* [Task to complete]:
Skip every picture, and output exactly the lines starting at the one with "Sleepover Center Guestrooms" and running through the last line of the material below.

* [Records]:
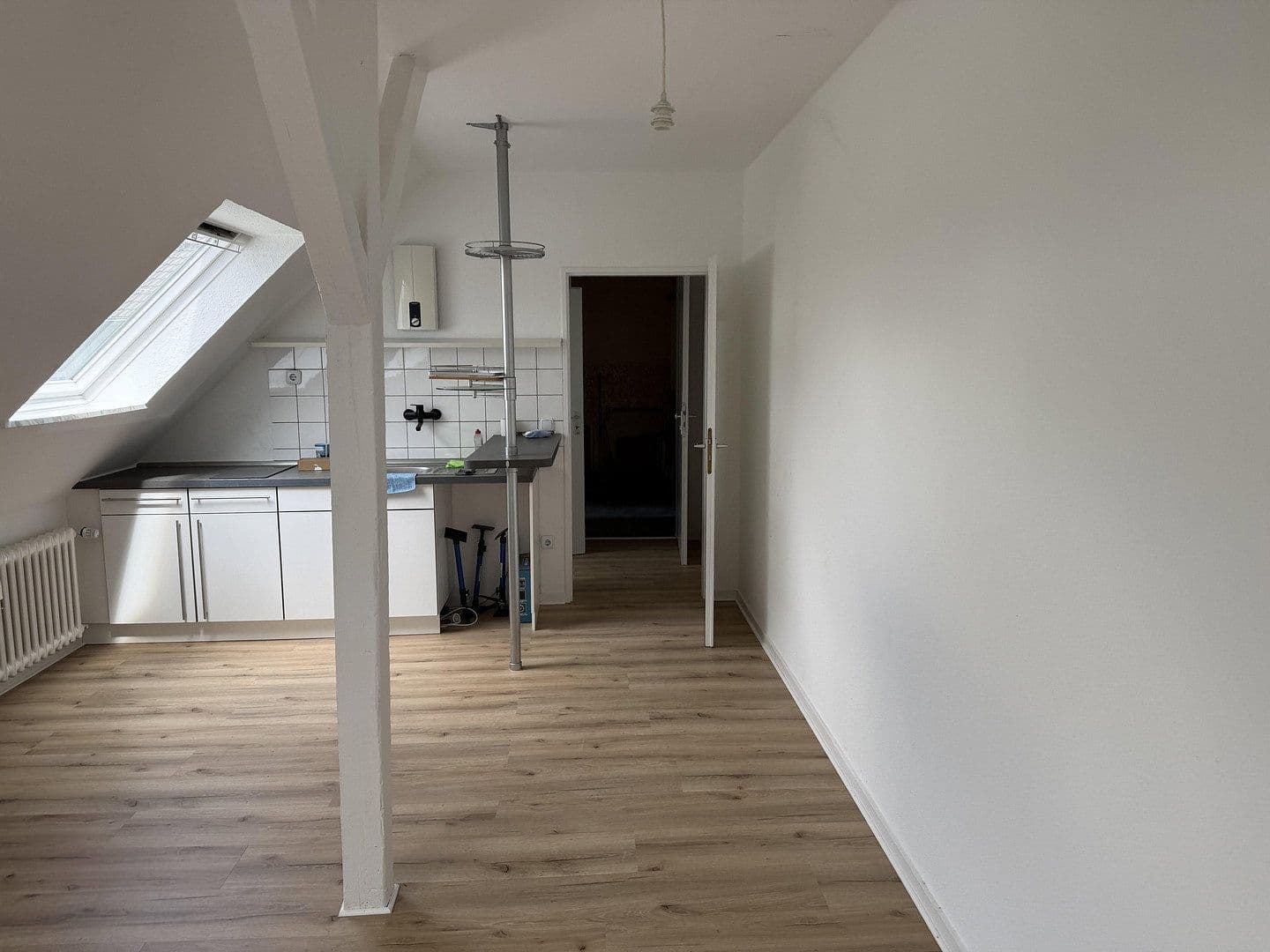Prenájom bytu 2-izbový 33 m², Duisburg, Severné Porýnie - Westfálsko Prenájom bytu 2-izbový 33 m², Duisburg, Severné Porýnie - Westfálsko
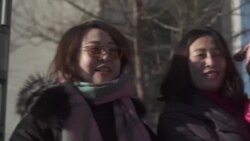 Mujeres en China se rapan la cabeza en reclamo de justicia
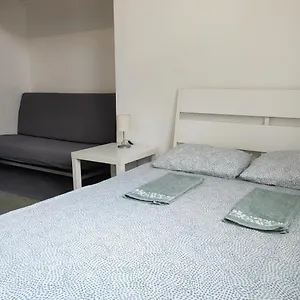 Sleepover Center Guestrooms Affittacamere Budapest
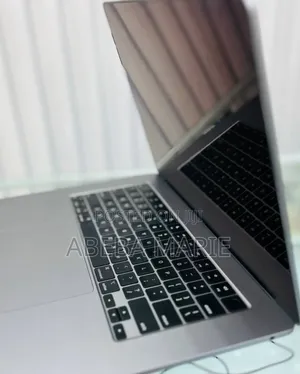 New Laptop Apple MacBook Air 2024 M3 15-Inch 8GB Apple M3 SSD 256GB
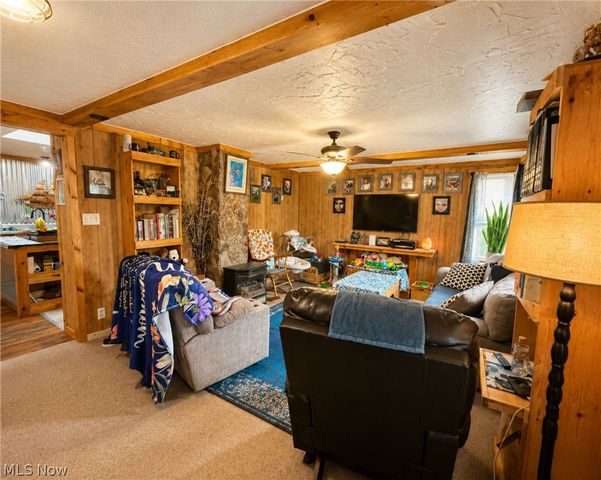 100 Point View, Weirton, WV 26062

* [Answer to this task]:
 Sleepover Center Guestrooms Affittacamere Budapest
 New Laptop Apple MacBook Air 2024 M3 15-Inch 8GB Apple M3 SSD 256GB
 100 Point View, Weirton, WV 26062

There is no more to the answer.